NOTE : $\mathcal P$ for the power set, and $P$ for the probability of a set is my notation here. I still think the letter $P$ is used for both, but it's causing confusion here, hence the change.
Best Answer
With the sample space $\Omega=\left\{1,2,3,4,5,6\right\}^2=\left\{\left(1,1\right),\left(1,2\right),\dotsc,\left(6,5\right),\left(6,6\right)\right\}$, we can easily find what is being asked.
The range of a Random Variable is the set of values it can assume, so:
$\mathrm{Range}\left(X\right)=\left\{2,3,\dotsc,11,12\right\}$ as these are the possible sums of the sides of a fair die rolled twice.
$\mathrm{Range}\left(Y\right)=\left\{1,\dotsc,6\right\}$ as whatever is rolled, any of these values could be the maximum.
$\mathrm{Range}\left(Z\right)=\left\{0,1,\dotsc,5\right\}$ as these are the possible differences between the values of the two rolls, note that we have $0$ when $d_1=d_2$ and 6 isn't possible as the largest difference will occur when we get $\left(6,1\right)$ or $\left(1,6\right)$.
$\mathrm{Range}\left(W\right)$ is a little more difficult as we need to calculate $W\left(\omega\right)$, $\forall\omega\in\Omega$. When done, we find that $\mathrm{Range}\left(W\right)=\left\{0,3,5,7,8,9,11,12,15,16,20,21,24,27,32,35\right\}$
A partition of a random variable is the set of points $\omega\in\Omega$ that give rise to each possible value that the random variable can take.

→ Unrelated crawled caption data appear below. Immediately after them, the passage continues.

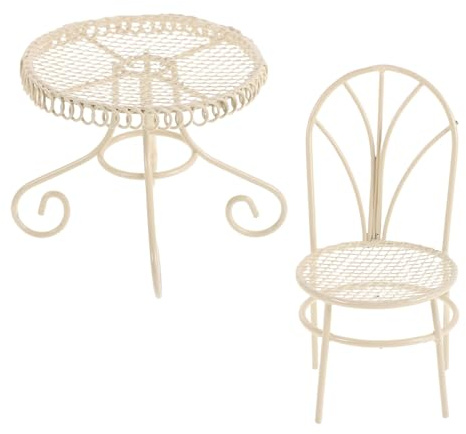 iplusmile Ensemble Mobilier Miniature Maison de Poupée 2 Pièces en Fer Blanc Crème Table Bistrot Ronde et Chaise Vintage Décoration Micro-Paysage et Accessoires Créatifs pour Salon de Thé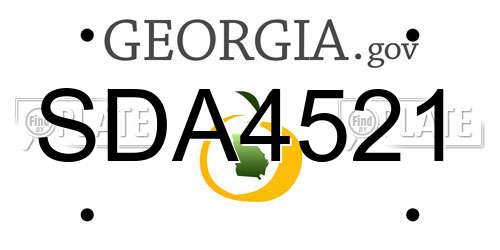 SDA4521 Georgia License Plate
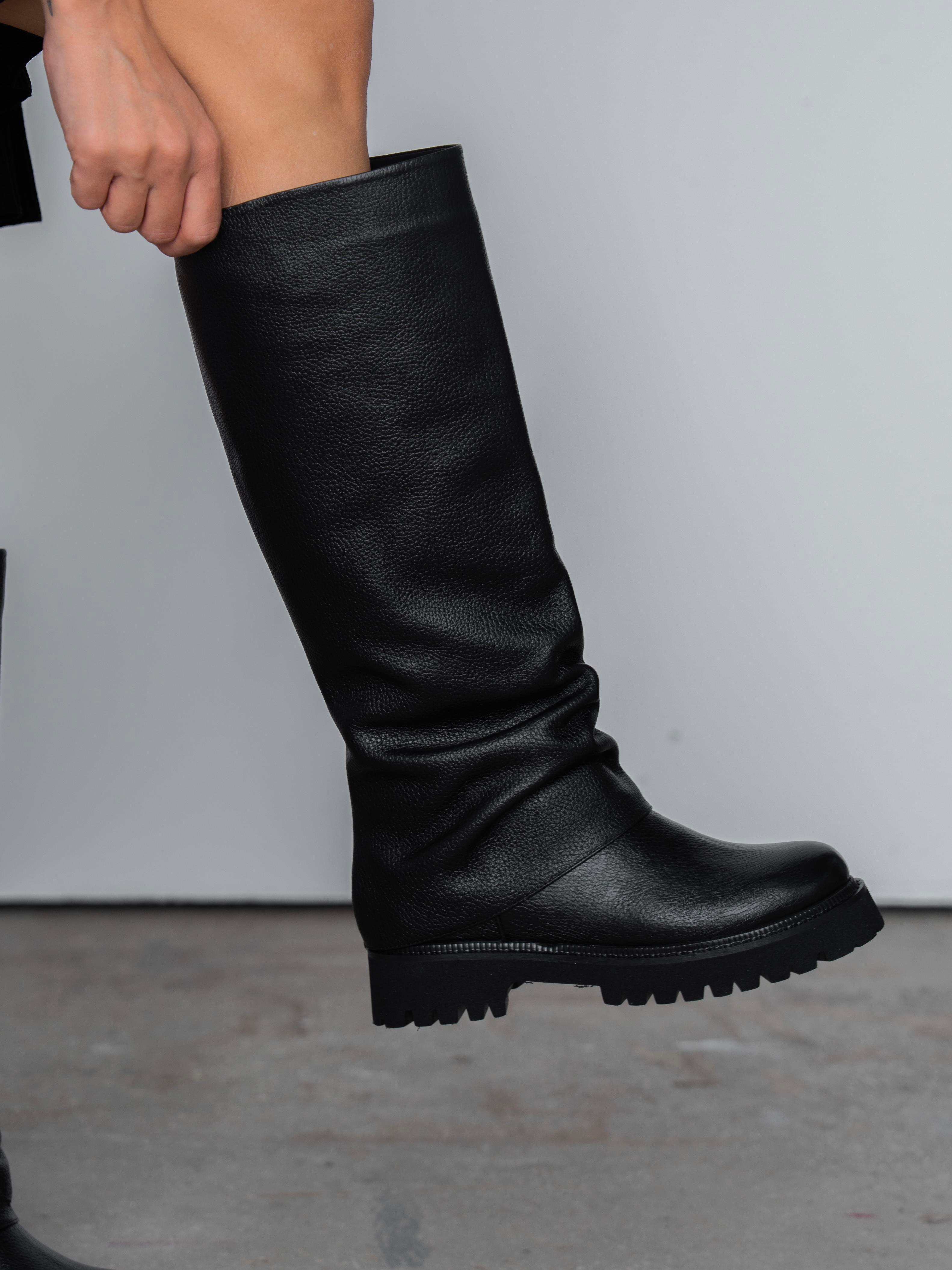 Ylva Siyah Hakiki Deri Kadın Çizme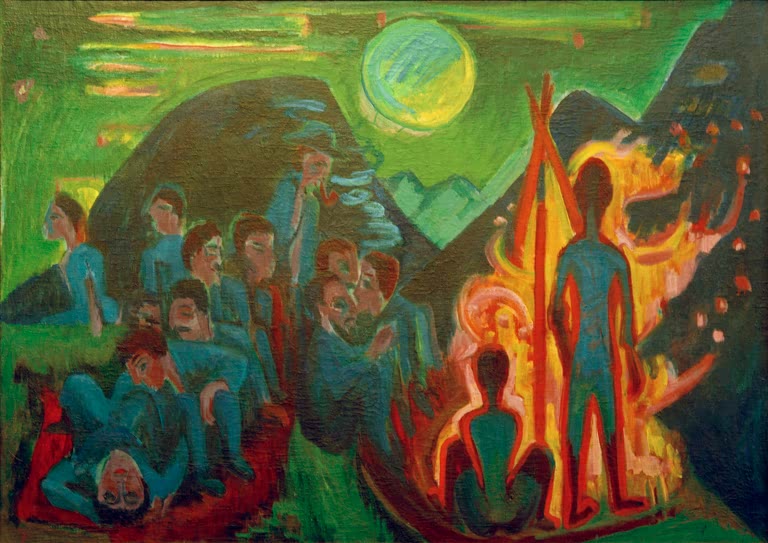 Menschen sitzen um ein Feuer in den Bergen unter grünem Mond – Ernst Ludwig Kirchner Bundesfeuer Kunstkopie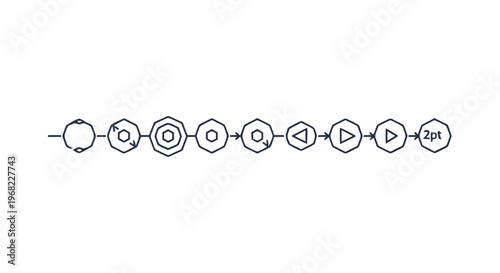 Abstract Linear Sequence of Geometric Shapes on White Background.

The partitions $A_X$ and $A_Z$ can now be found \begin{align*} A_{X_1=2} &= \left\{\left(1,1\right)\right\} \\ A_{X_2=3} &= \left\{\left(1,2\right),\left(2,1\right)\right\} \\ A_{X_2=4} &= \left\{\left(1,3\right),\left(2,2\right),\left(3,1\right)\right\} \\ &\vdots \\ A_{X_{10}=11} &= \left\{\left(5,6\right),\left(6,5\right)\right\} \\ A_{X_{11}=12} &= \left\{\left(6,6\right)\right\} \\ \end{align*} and \begin{align*} A_{Z_1=0} &= \left\{\left(1,1\right),\left(2,2\right),\dotsc,\left(5,5\right),\left(6,6\right)\right\} \\ A_{Z_2=1} &= \left\{\left(1,2\right),\left(2,3\right),\dotsc,\left(3,2\right),\left(2,1\right)\right\} \\ &\vdots \\ A_{Z_6=5} &= \left\{\left(1,6\right),\left(6,1\right)\right\} \\ \end{align*}
In response to the comment about why the value $5\times12\not\in\mathrm{Range}\left(W\right)$, we see that $W\left(\omega\right)=X\left(\omega\right)\times Z\left(\omega\right)$, so therefore it isn't possible to obtain $60=12\times5$ because the only value $\omega\in\Omega$ such that $X\left(\omega\right)=12$ is $\omega=\left(6,6\right)$ but clearly $Z\left(\omega\right)=0$ if $\omega=\left(6,6\right)$. Similarly for $Z\left(\omega\right)=5$, we need $\omega=\left(1,6\right)$ or $\omega=\left(6,1\right)$ and then clearly $X\left(\omega\right)=7$ for both of these $\omega$.
In order to compute $\mathrm{Range}\left(W\right)$, it is necessary to check the value of $W\left(\omega\right)=X\left(\omega\right)\times Z\left(\omega\right)$ for all $\omega\in\Omega$ where $\Omega$ is defined as above.